DATA LISTING -
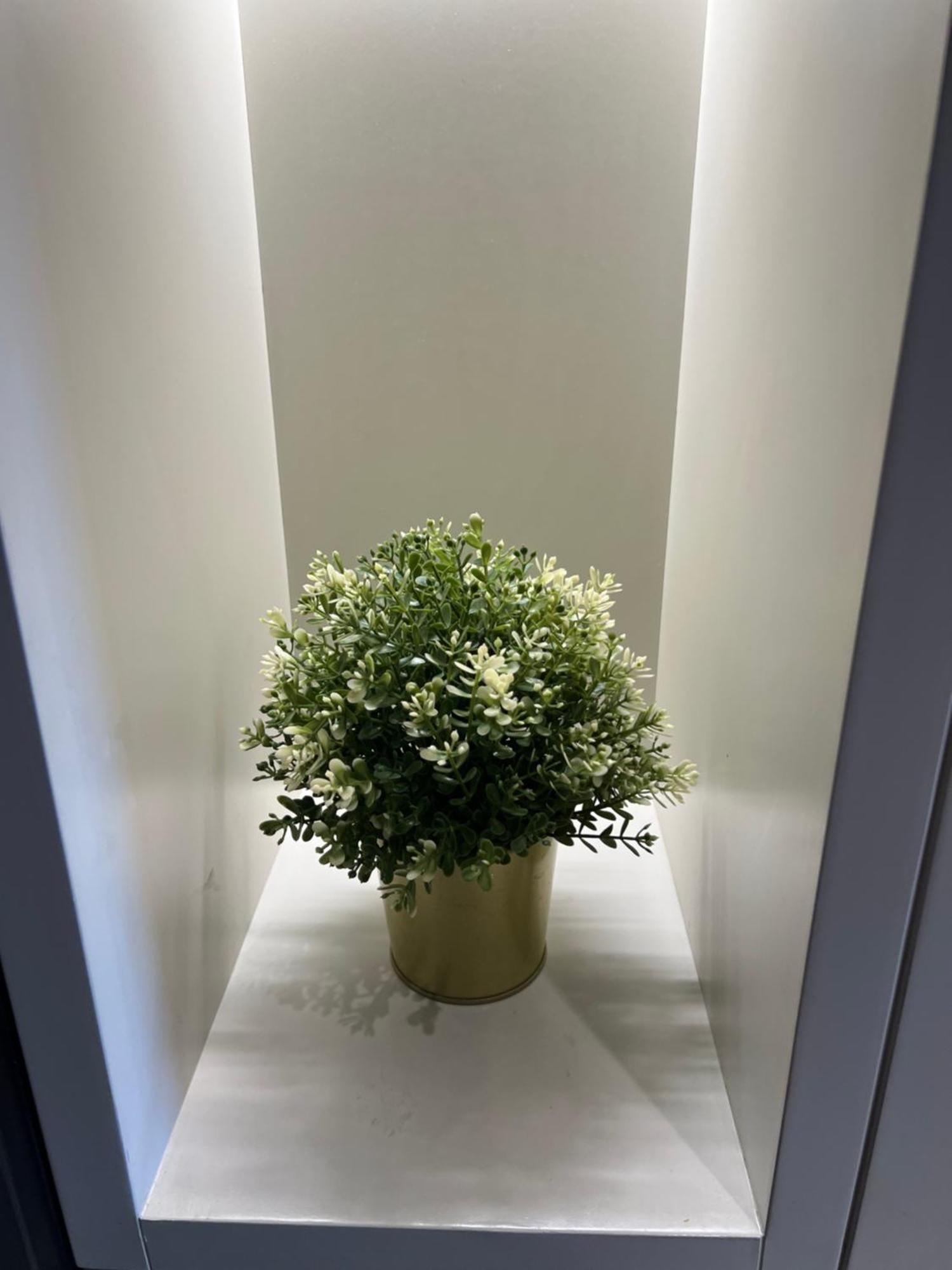 Apartamento Kl Pavilion广场豪华公寓 By Wintower Kuala Lumpur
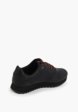 Кроссовки Safety Jogger3  - превью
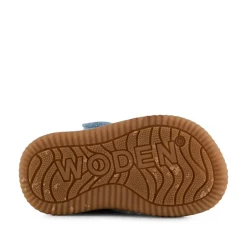 Woden Tristan Sandaler, , 24*Børn Sandaler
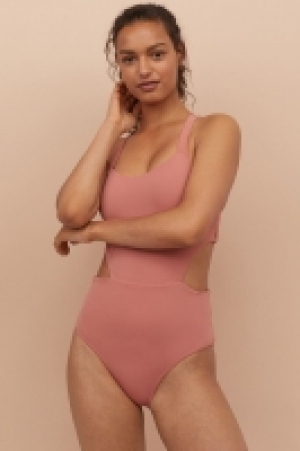 Traje de baño de deporte 17.99 €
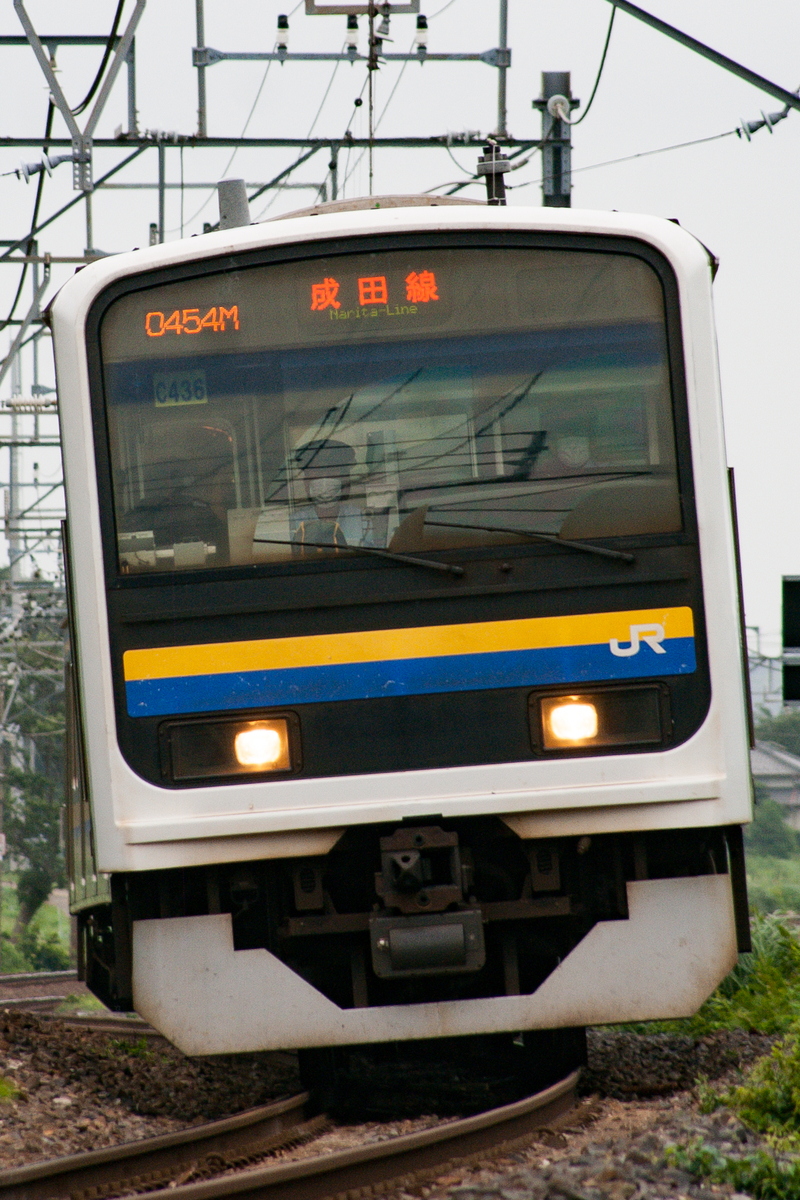 f:id:ComExp2133:20200728100831j:plain f:id:ComExp2133:20200728100831j:plain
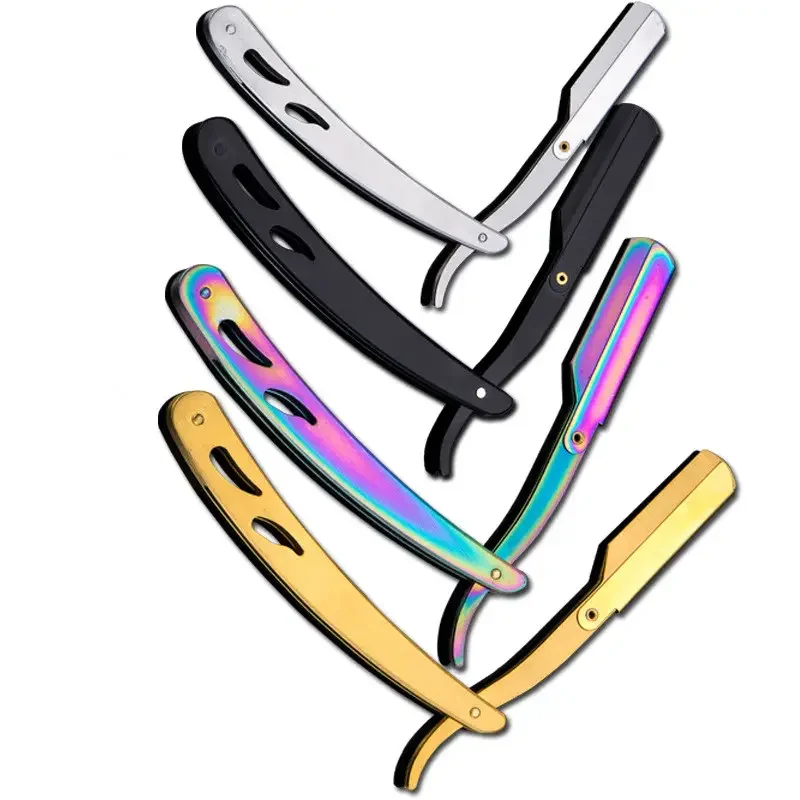 1 adet çok renkli paslanmaz çe - Hair Clipper incelemesi ve fiyatı
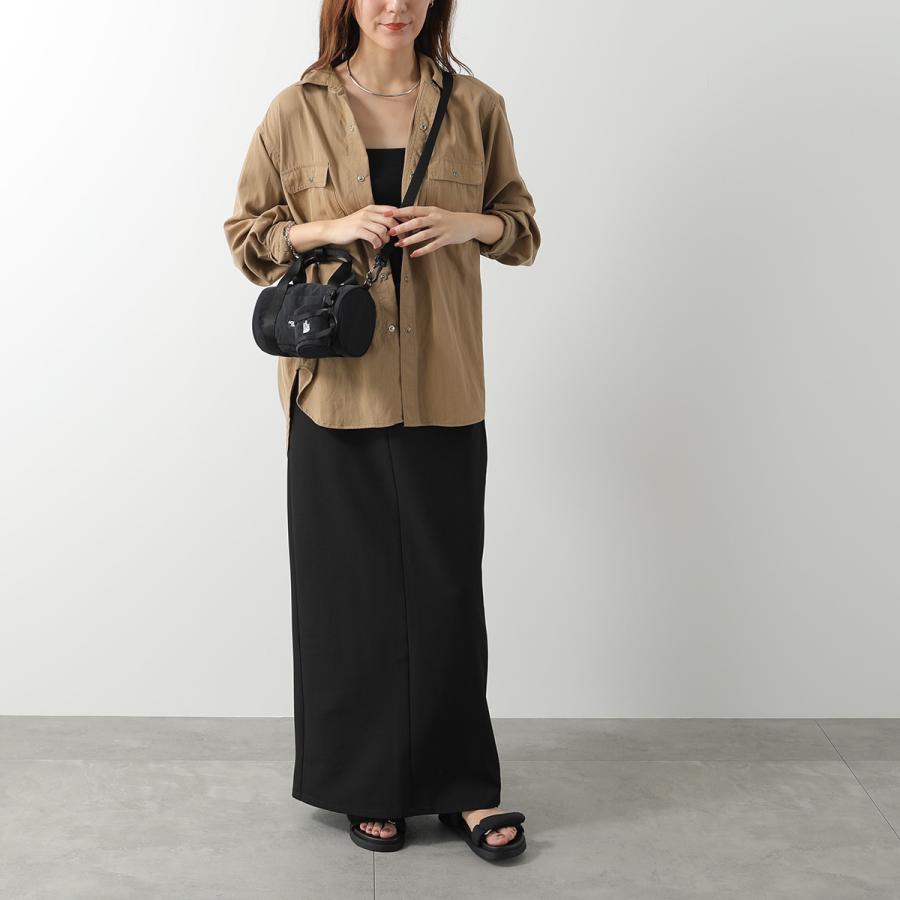 THE NORTH FACE ホワイトレーベル ショルダーバッグ THE NORTH FACE（ザ ノースフェイス） THE NORTH FACE WHITE LABEL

WHAT YOU ARE ASKED TO DO -
Take the line containing "Traje de baño de deporte 17.99 €" and all lines after it to the end of the data above, and reproduce them exactly, leaving out pictures. Nothing else belongs in the copy.

RESPONSE -
 Traje de baño de deporte 17.99 €
 f:id:ComExp2133:20200728100831j:plain f:id:ComExp2133:20200728100831j:plain
 1 adet çok renkli paslanmaz çe - Hair Clipper incelemesi ve fiyatı
 THE NORTH FACE ホワイトレーベル ショルダーバッグ THE NORTH FACE（ザ ノースフェイス） THE NORTH FACE WHITE LABEL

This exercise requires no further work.